Being a bit pedantic here, but those are different things. Digests assure that the downloaded information was transferred correctly and wasn't corrupted by some kind of network/disk/etc problem. What SSL does is to provide encryption, and some level of trust. At least according to Equifax, helixcommunity.com is who they say they are. Then, it's probably not particularly useful for a media player, and gpg signatures would be a much better solution as well.
(In reply to comment #23) > > Digests assure that the downloaded information was transferred correctly and > wasn't corrupted by some kind of network/disk/etc problem. > They ensure that the user has exactly the same file as the developer who committed the ebuild. > > What SSL does is to provide encryption, and some level of trust. At least > according to Equifax, helixcommunity.com is who they say they are. Then, it's > probably not particularly useful for a media player, and gpg signatures would > be a much better solution as well. It is up to the developer committing the ebuild to make sure that the tarball he used was valid. And by the way the Manifests can already be signed by developers using gpg. It is just not mandatory yet.
> They ensure that the user has exactly the same file as the developer who > committed the ebuild. No, they don't. They ensure that the user has the same file from which the digest was generated. Technically, nothing stops somebody with access to a gentoo rsync mirror from taking a tarball, putting a trojan in it, and regenerating the m5sum. Putting a signature around the manifest, or the source file itself would fix the problem nicely though. I see that some manifests indeed do have a signature. Now, back to the original discussion, IMO, if something is only available from a SSL page, it's an extremely bad idea to subvert the whole point of SSL (especially for the whole system), when a perfectly workable solution is to just include the required certificate.

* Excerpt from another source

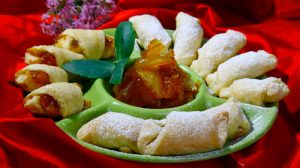 Cornulețe din aluat cu borș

(In reply to comment #25) > No, they don't. They ensure that the user has the same file from which the > digest was generated. Technically, nothing stops somebody with access to a > gentoo rsync mirror from taking a tarball, putting a trojan in it, and > regenerating the m5sum. Ah, now this debate starts to be really remarkable because this whole bug is about an ebuild which has RESTRICT="nomirror"; so now you will for sure enlighten us how you'll modify that upstream rpm to match the digests/manifests on Gentoo mirrors, won't you? ;-) > Now, back to the original discussion, IMO, if something is only available from > a SSL page, it's an extremely bad idea to subvert the whole point of SSL > (especially for the whole system), when a perfectly workable solution is to > just include the required certificate. SSL does not ensure anything, if you don't trust the authority that has issued the cerfificates. I've never heard about Equifax CA and hence I don't care whether the certificate validates or not, it does not mean anything to me. And nothing guarantees that the particular CA will be included in ca-certificates package next time. So, to conclude this, the only way to ensure integrity is signing manifests with gpg signatures, which will hopefully be mandatory soon. And now we could perhaps move back towards solving this issue by either disabling the pointless certificate validation checks in wget or by putting nofetch restrict into the ebuild.
(In reply to comment #26) > Ah, now this debate starts to be really remarkable because this whole bug is > about an ebuild which has RESTRICT="nomirror"; so now you will for sure > enlighten us how you'll modify that upstream rpm to match the digests/manifests > on Gentoo mirrors, won't you? ;-) > This problem also affects dev-java/jdictrayapi but there are probably others too.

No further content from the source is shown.